■ What is being asked
Can the lines below, from the one that holds "9570 Thistle Creek Avenue Property Photo 24" to the very end, be echoed exactly, with both ends included and no pictures?

■ Source material
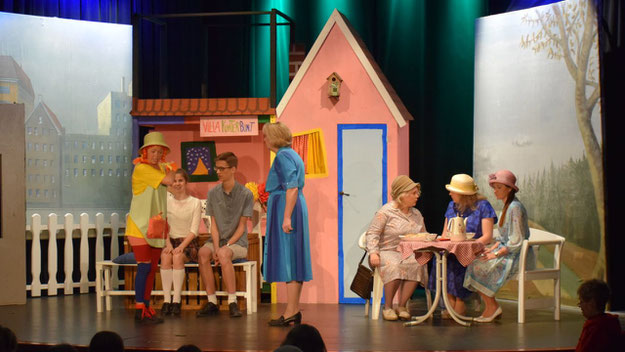 Pippi mischt ein Kaffeekränzchen auf (Nicole Bastein, Anke Thomsen, Bettina Güse-Huelmann und Gina Klaus)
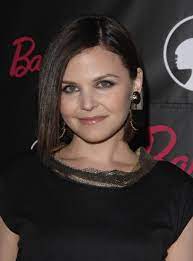Ginnifer Goodwin Bob Haircut Sleek And Straight Medium Bob Hairstyle For Round Faces Bob Haircut For Round Face Medium Hair Styles Round Face Haircuts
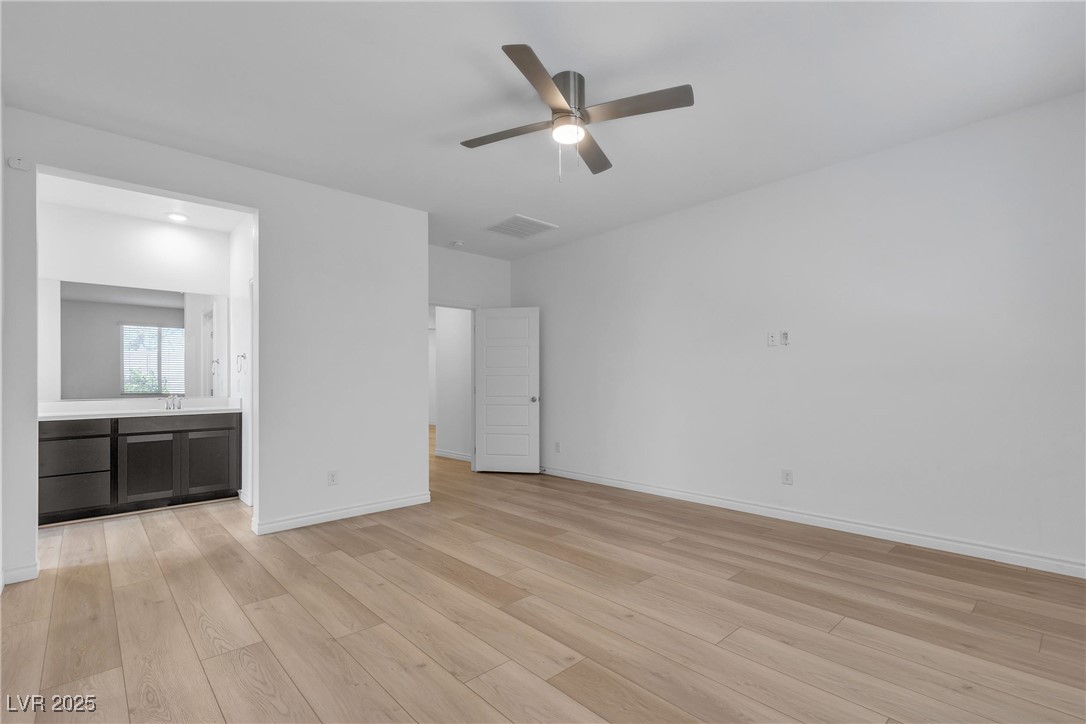 9570 Thistle Creek Avenue Property Photo 24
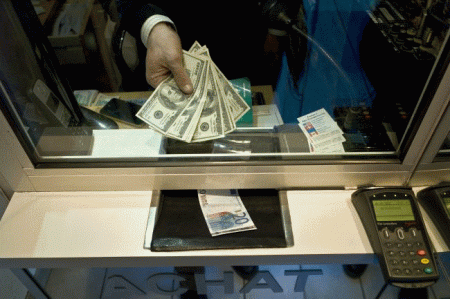 Украинцы продают больше долларов, чем покупают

■ Result of this task
 9570 Thistle Creek Avenue Property Photo 24
 Украинцы продают больше долларов, чем покупают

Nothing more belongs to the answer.